THE PROBLEM
Exactly reproduce the lines from the one containing "Yue Sun's research" through the last line of the data, both ends included, leaving out pictures.

(DATA FOR THE TASK begins)

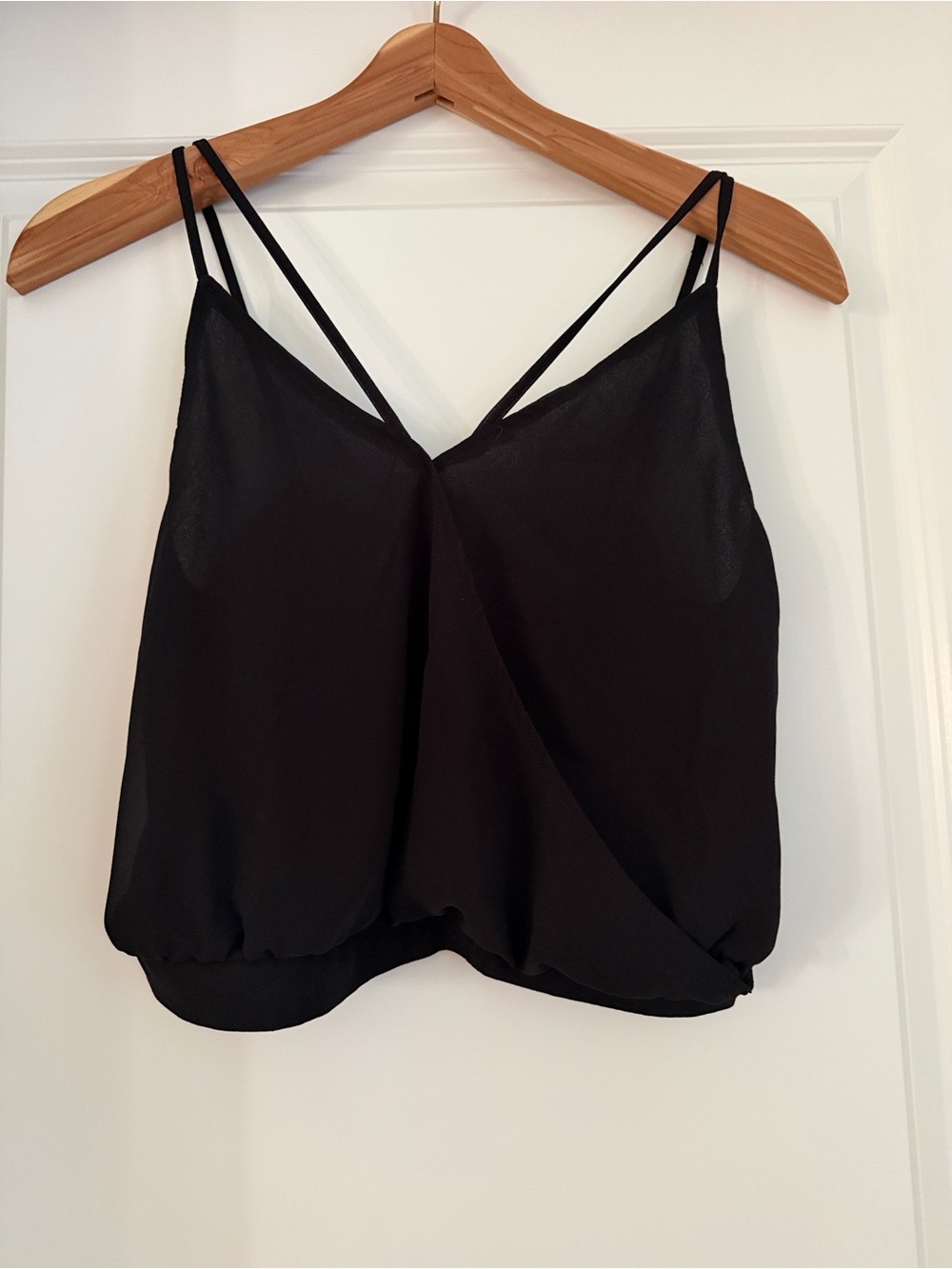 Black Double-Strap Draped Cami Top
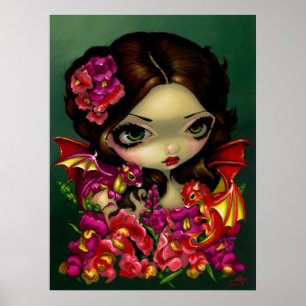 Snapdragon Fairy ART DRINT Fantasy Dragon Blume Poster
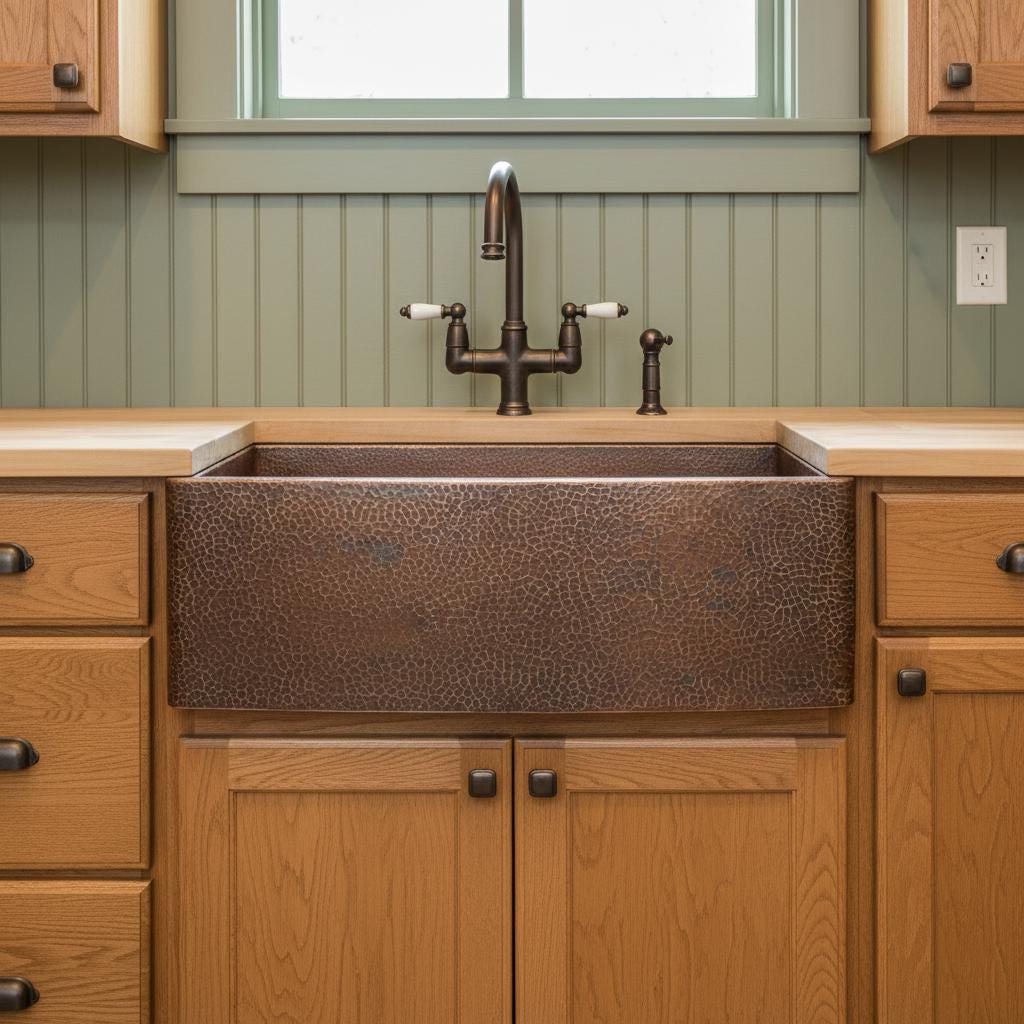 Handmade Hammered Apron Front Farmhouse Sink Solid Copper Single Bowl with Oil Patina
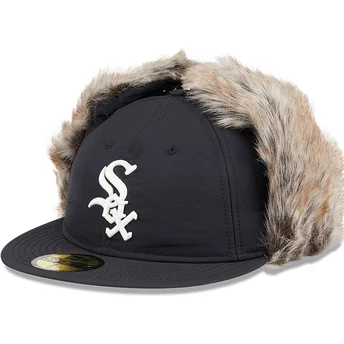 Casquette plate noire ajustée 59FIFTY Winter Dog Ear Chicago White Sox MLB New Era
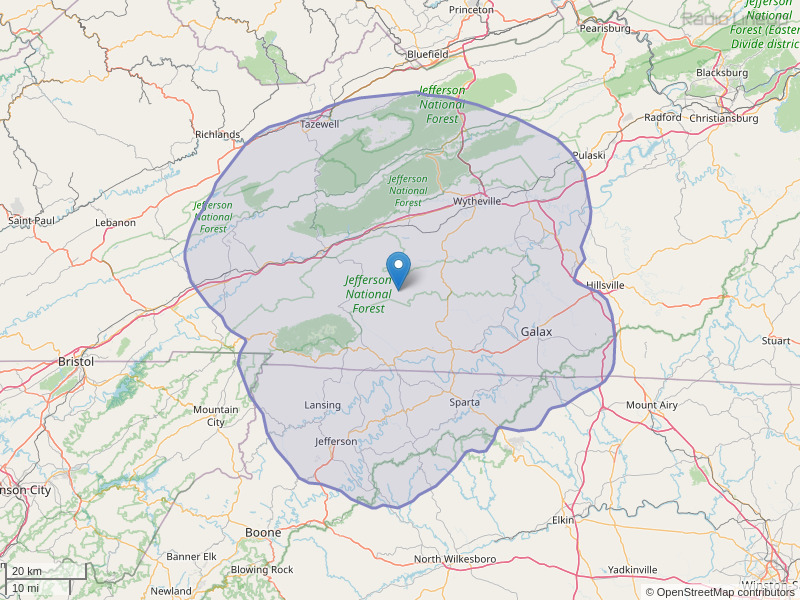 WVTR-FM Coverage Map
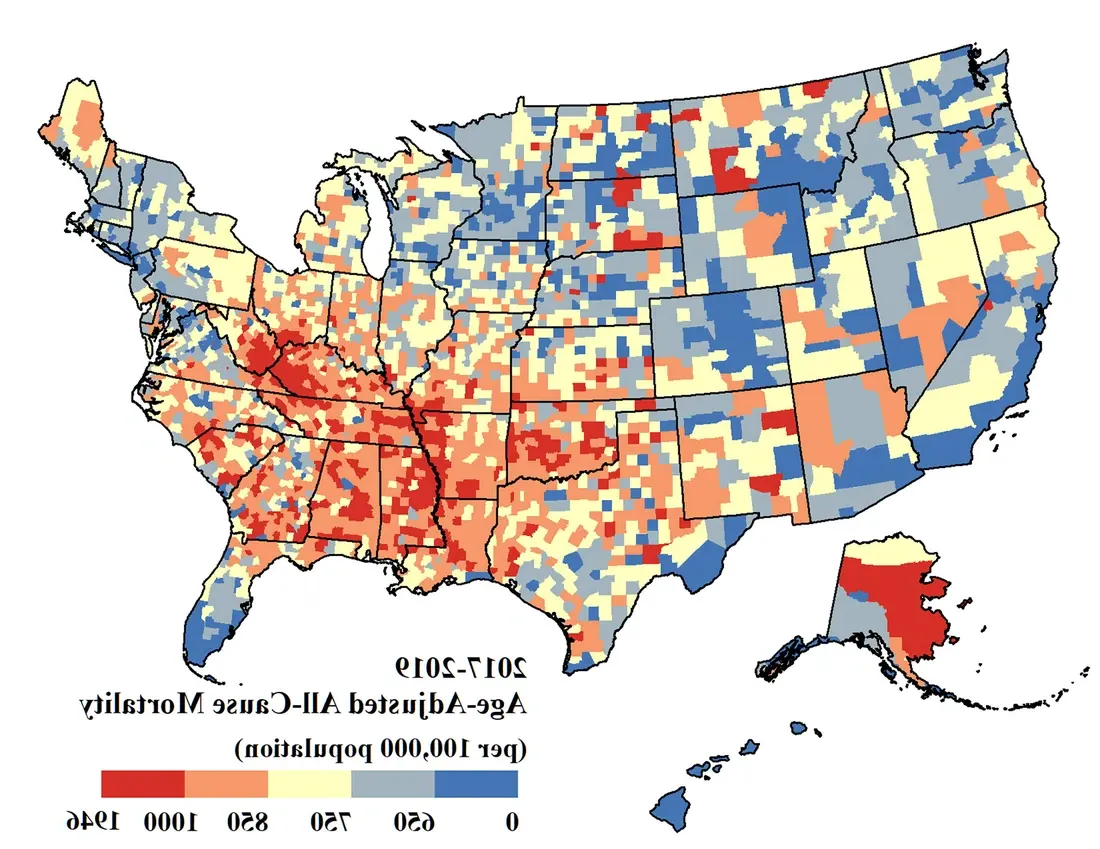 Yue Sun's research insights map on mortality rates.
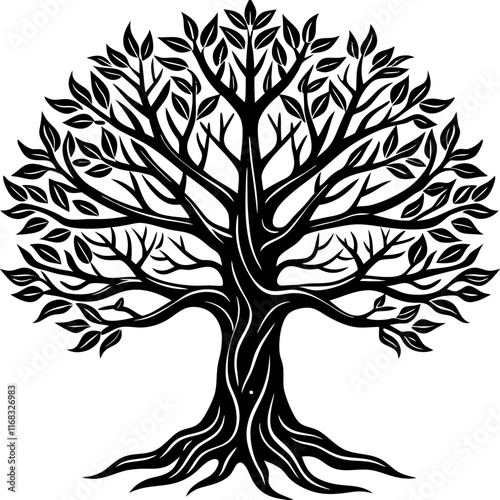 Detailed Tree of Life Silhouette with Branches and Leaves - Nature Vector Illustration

(DATA FOR THE TASK ends)

SOLVED PROBLEM
 Yue Sun's research insights map on mortality rates.
 Detailed Tree of Life Silhouette with Branches and Leaves - Nature Vector Illustration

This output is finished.